Records from a data source
--
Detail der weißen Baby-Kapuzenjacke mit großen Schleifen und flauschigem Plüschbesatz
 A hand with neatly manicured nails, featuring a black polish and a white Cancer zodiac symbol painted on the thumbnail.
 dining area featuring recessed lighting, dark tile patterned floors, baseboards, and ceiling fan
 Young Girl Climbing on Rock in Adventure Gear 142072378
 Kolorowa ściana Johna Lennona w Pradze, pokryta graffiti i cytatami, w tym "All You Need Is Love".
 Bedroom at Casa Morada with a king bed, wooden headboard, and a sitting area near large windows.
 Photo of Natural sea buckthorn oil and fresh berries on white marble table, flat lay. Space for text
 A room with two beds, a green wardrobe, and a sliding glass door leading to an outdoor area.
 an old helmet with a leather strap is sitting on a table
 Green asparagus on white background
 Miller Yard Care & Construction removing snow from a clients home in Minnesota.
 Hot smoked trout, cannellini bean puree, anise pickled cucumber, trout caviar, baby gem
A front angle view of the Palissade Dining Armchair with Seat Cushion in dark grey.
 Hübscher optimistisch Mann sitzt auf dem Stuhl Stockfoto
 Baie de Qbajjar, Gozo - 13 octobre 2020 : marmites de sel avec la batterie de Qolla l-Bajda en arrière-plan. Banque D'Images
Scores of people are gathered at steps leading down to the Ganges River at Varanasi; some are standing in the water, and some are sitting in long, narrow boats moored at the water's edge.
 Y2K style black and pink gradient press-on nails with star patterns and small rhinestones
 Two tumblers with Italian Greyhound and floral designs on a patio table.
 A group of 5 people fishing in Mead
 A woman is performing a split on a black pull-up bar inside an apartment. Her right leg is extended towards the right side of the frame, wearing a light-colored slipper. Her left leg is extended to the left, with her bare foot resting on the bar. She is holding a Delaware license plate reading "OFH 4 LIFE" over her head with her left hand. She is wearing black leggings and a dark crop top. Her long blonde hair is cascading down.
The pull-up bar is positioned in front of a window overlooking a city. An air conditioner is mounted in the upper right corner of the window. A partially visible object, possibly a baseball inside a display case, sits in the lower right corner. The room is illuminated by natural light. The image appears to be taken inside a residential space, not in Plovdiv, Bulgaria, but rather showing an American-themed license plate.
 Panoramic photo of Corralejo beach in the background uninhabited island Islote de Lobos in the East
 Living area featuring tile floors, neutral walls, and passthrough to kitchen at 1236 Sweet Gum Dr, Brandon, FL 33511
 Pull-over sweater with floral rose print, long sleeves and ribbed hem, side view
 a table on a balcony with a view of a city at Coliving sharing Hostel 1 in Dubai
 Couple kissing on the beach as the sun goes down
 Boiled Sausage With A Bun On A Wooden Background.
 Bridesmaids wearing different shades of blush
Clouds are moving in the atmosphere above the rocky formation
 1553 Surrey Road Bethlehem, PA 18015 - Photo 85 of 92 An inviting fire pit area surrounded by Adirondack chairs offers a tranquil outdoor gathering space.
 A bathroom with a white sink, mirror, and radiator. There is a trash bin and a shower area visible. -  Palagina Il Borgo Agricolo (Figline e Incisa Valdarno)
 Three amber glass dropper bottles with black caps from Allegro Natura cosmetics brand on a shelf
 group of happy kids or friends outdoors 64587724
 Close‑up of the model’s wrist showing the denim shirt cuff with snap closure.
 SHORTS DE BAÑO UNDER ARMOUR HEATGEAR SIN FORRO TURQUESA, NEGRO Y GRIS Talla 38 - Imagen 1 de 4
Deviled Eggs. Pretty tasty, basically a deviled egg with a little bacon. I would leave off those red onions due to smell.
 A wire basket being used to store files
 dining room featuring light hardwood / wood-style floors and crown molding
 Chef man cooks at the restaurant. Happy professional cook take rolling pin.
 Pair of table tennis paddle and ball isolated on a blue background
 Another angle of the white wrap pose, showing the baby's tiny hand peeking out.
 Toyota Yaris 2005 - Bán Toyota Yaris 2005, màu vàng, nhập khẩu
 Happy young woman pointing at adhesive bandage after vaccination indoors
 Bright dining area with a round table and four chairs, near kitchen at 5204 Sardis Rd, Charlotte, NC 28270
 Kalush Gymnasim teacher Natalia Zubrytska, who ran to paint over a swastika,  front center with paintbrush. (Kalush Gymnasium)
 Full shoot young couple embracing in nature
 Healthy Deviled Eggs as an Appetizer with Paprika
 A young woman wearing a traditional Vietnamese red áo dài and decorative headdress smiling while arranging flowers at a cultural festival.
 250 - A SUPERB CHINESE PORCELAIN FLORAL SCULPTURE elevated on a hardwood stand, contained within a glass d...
--
After locating the line holding "Hot smoked trout, cannellini" above, output exactly that line and every line after it through the line holding "A woman is performing". Include nothing else.

## [OUTPUT FOR THIS EXERCISE]
 Hot smoked trout, cannellini bean puree, anise pickled cucumber, trout caviar, baby gem
A front angle view of the Palissade Dining Armchair with Seat Cushion in dark grey.
 Hübscher optimistisch Mann sitzt auf dem Stuhl Stockfoto
 Baie de Qbajjar, Gozo - 13 octobre 2020 : marmites de sel avec la batterie de Qolla l-Bajda en arrière-plan. Banque D'Images
Scores of people are gathered at steps leading down to the Ganges River at Varanasi; some are standing in the water, and some are sitting in long, narrow boats moored at the water's edge.
 Y2K style black and pink gradient press-on nails with star patterns and small rhinestones
 Two tumblers with Italian Greyhound and floral designs on a patio table.
 A group of 5 people fishing in Mead
 A woman is performing a split on a black pull-up bar inside an apartment. Her right leg is extended towards the right side of the frame, wearing a light-colored slipper. Her left leg is extended to the left, with her bare foot resting on the bar. She is holding a Delaware license plate reading "OFH 4 LIFE" over her head with her left hand. She is wearing black leggings and a dark crop top. Her long blonde hair is cascading down.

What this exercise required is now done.